Learn about the query history table format, which provides detailed information on query execution, including column names, data types, and descriptions.

Table Format

The following table provides an overview of the columns in the query history table, including their names, data types, and descriptions:


Column Name	Data type	Description
query_history_schema_version	int	Schema version of the query history record.
hive_version	string	Hive version running in HiveServer2 when the query was executed.
query_id	string	Hive-assigned identifier for the query.
session_id	string	Hive-assigned identifier for the session.
operation_id	string	Hive-assigned identifier for the operation.
execution_engine	string	Execution engine used to run the query (typically Tez).
execution_mode	string	Indicates whether the query ran in LLAP or Tez container mode.
tez_dag_id	string	Tez DAG ID used for the query, if applicable.
tez_app_id	string	Tez application ID used for the query, if applicable.
tez_session_id	string	Tez session ID used for the query, if applicable.
cluster_id	string	Unique identifier for the cluster instance.
sql	string	SQL query string submitted by the user.
session_type	string	Session type (HIVESERVER2 or OTHER).
hiveserver2_protocol_version	int	Protocol version used by the client, as defined in TCLIService.
cluster_user	string	Effective user on the cluster (typically hive if doAs is disabled).
end_user	string	Authenticated client username.
db_name	string	Database selected when the query was run.
tez_coordinator	string	Address of the Tez coordinator used for the query.
query_state	string	Query state as an OperationState value.
query_type	string	Query type identified by the semantic analyzer (DQL, DDL, DML, DCL, STATS, or empty).
operation	string	Hive operation name based on syntax or semantic analysis.
server_address	string	Address of the HiveServer2 instance the client connected to.
server_port	int	TCP port of the HiveServer2 instance.
client_address	string	IP address of the client that initiated the connection.
start_time_utc	timestamp	UTC timestamp when the query started.
end_time_utc	timestamp	UTC timestamp when the query finished.
start_time	timestamp	Server-local timestamp when the query started.
end_time	timestamp	Server-local timestamp when the query finished.
total_time_ms	bigint	Total execution time in milliseconds.
planning_duration	bigint	Time spent in query compilation and planning (ms).
planning_start_time	timestamp	Timestamp when query planning started.
prepare_plan_duration	bigint	Time spent preparing the DAG for execution (ms).

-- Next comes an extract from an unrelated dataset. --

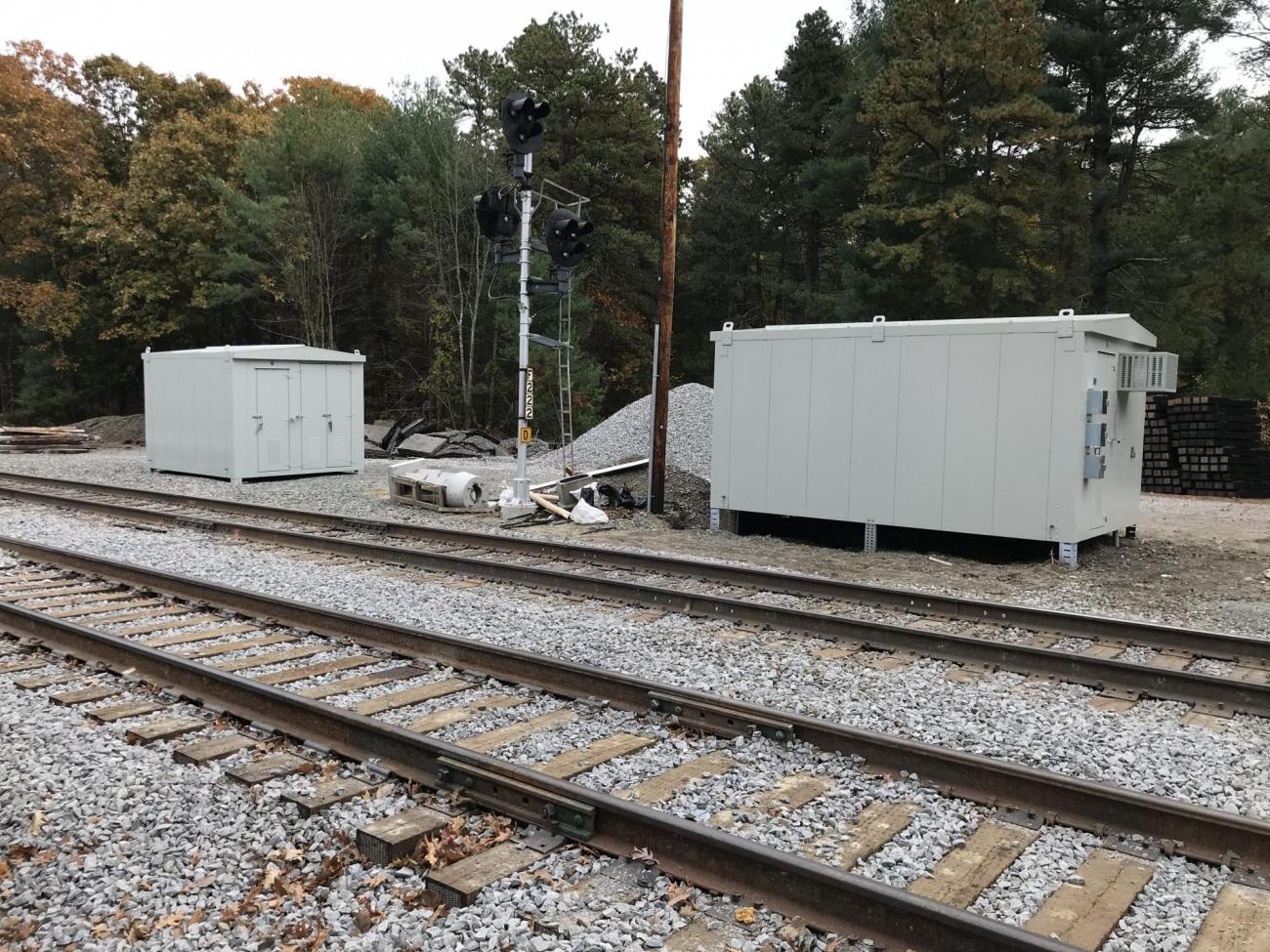 New signal houses were delivered before integrating the track into the system (October 2019)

prepare_plan_start_time	timestamp	Timestamp when the DAG preparation started.
get_session_duration	bigint	Time taken to acquire a Tez session (ms).

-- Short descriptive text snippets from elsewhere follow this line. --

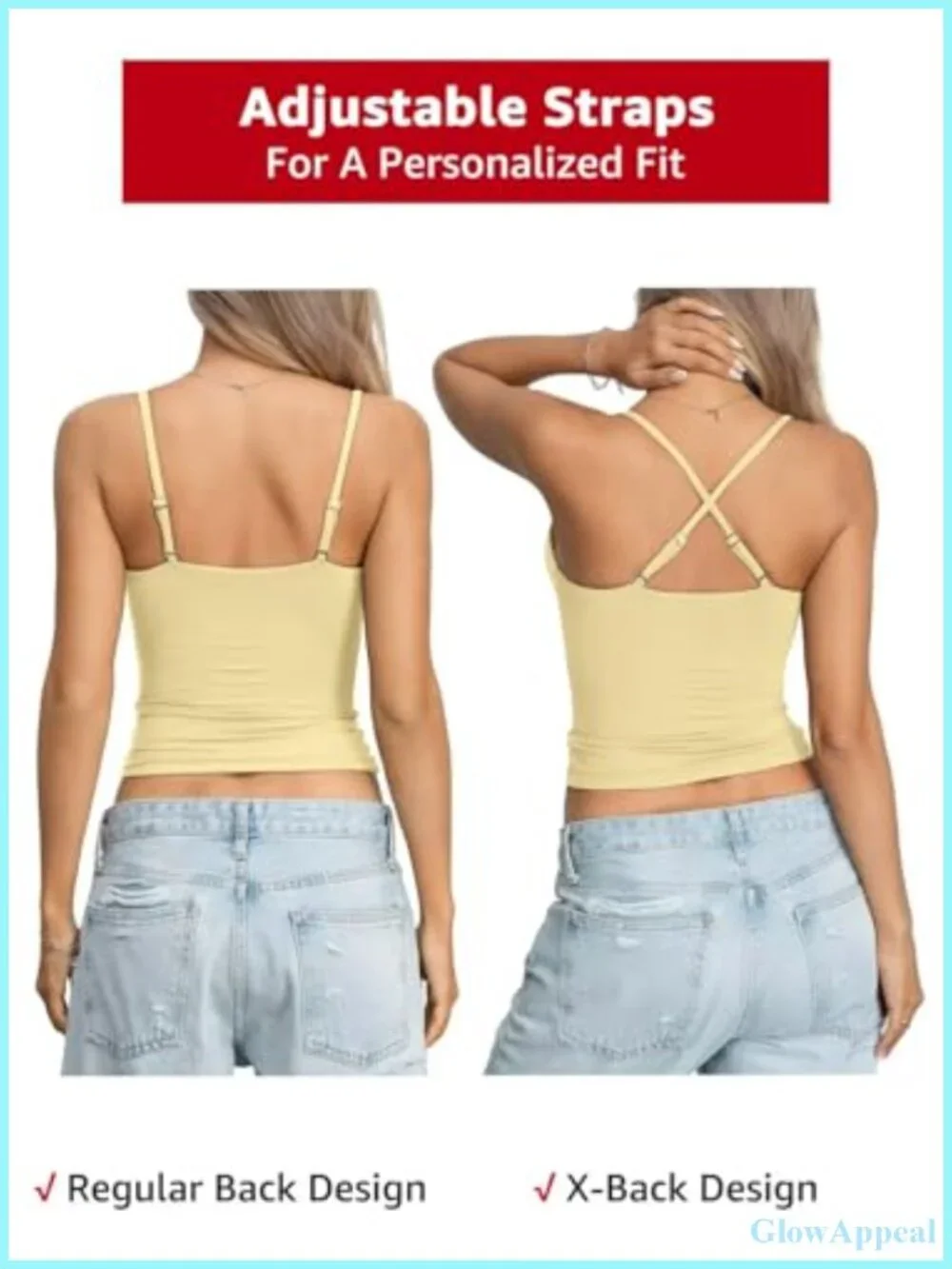 Double Lined V Neck Crop Cami Tank Top Y2K Going Out Shirt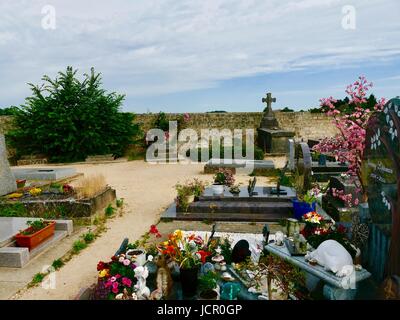 Tombe di Vincent Van Gogh e suo fratello Theo, Cimetière d'Auvers-sur-Oise, Auvers-sur-Oise cimitero, Francia, giugno 2017. Foto Stock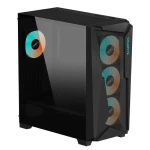 Gigabyte C301 GLASS V2 MID Tower Black ATX PC gaming Case GPU 400mm, GB-C301G TYPE-C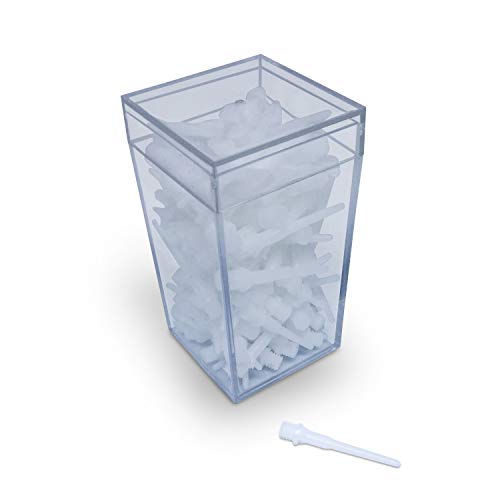 BILLARES Y DARDOS CAMARA Caja de 100 Puntas de Dardos de plástico Resistentes Colores para Diana electrónica, Rosca 2ba Apta para Dardos domésticos y Dardos Profesionales. (Blanco) BILLARES Y DARDOS CAMARA Caja de 100 Puntas de Dardos de plástico Resistentes Colores para Diana electrónica, Rosca 2ba Apta para Dardos domésticos y Dardos Profesionales. (Blanco)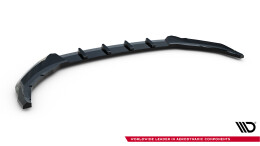 Cup Spoilerlippe Front Ansatz für Skoda Kodiaq Mk2 schwarz Hochglanz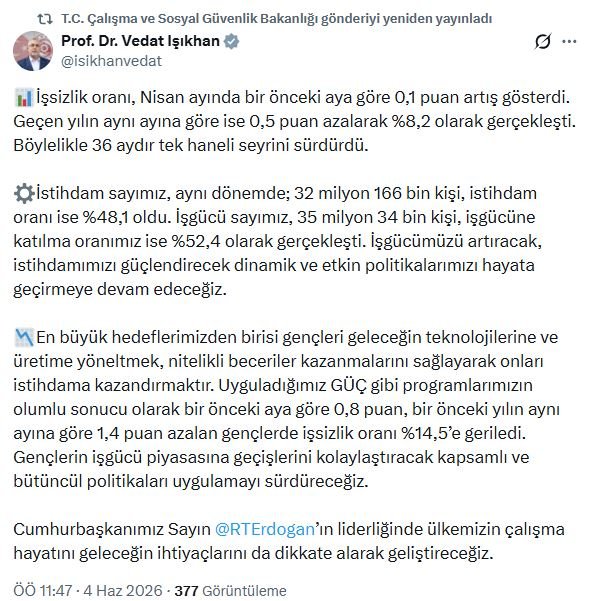 Çalışma ve Sosyal Güvenlik Bakanı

get_session_start_time	timestamp	Timestamp when session acquisition started.
execution_duration	bigint	Duration of DAG execution (ms).
execution_start_time	timestamp	Timestamp when DAG execution started.
failure_reason	string	Error message for query failure, if any.
num_rows_fetched	int	Number of rows fetched by the query.
plan	string	Full text of the query plan.
used_tables	string	Comma-separated list of tables used by the query.
exec_summary	string	Full text of the execution summary.
configuration_options_changed	string	Configuration options changed during the query session.
total_tasks	int	Total number of Tez tasks started for the query.
succeeded_tasks	int	Number of successful tasks.
killed_tasks	int	Number of killed tasks.
failed_tasks	int	Number of failed task attempts.
task_duration_millis	bigint	Total task execution time in milliseconds.
node_used_count	int	Number of nodes used to run the query.
node_total_count	int	Total number of nodes visible during query execution.
reduce_input_groups	bigint	Number of reducer input groups.
reduce_input_records	bigint	Number of input records seen by reducers.
spilled_records	bigint	Number of records spilled during shuffle.
num_shuffled_inputs	bigint	Number of physical inputs used during shuffle.
num_failed_shuffle_inputs	bigint	Number of failed attempts to fetch shuffle inputs.
input_records_processed	bigint	Number of input records actually processed.
input_split_length_bytes	bigint	Total size (bytes) of input splits.
output_records	bigint	Number of output records from all vertices.
output_bytes_physical	bigint	Actual bytes written, including compression.
shuffle_chunk_count	bigint	Number of shuffled files processed.
shuffle_bytes	bigint	Total shuffled data size in bytes.
shuffle_bytes_disk_direct	bigint	Bytes shuffled using direct disk access.
shuffle_phase_time	bigint	Time spent in the shuffle phase (ms).
merge_phase_time	bigint	Time spent merging shuffled data (ms).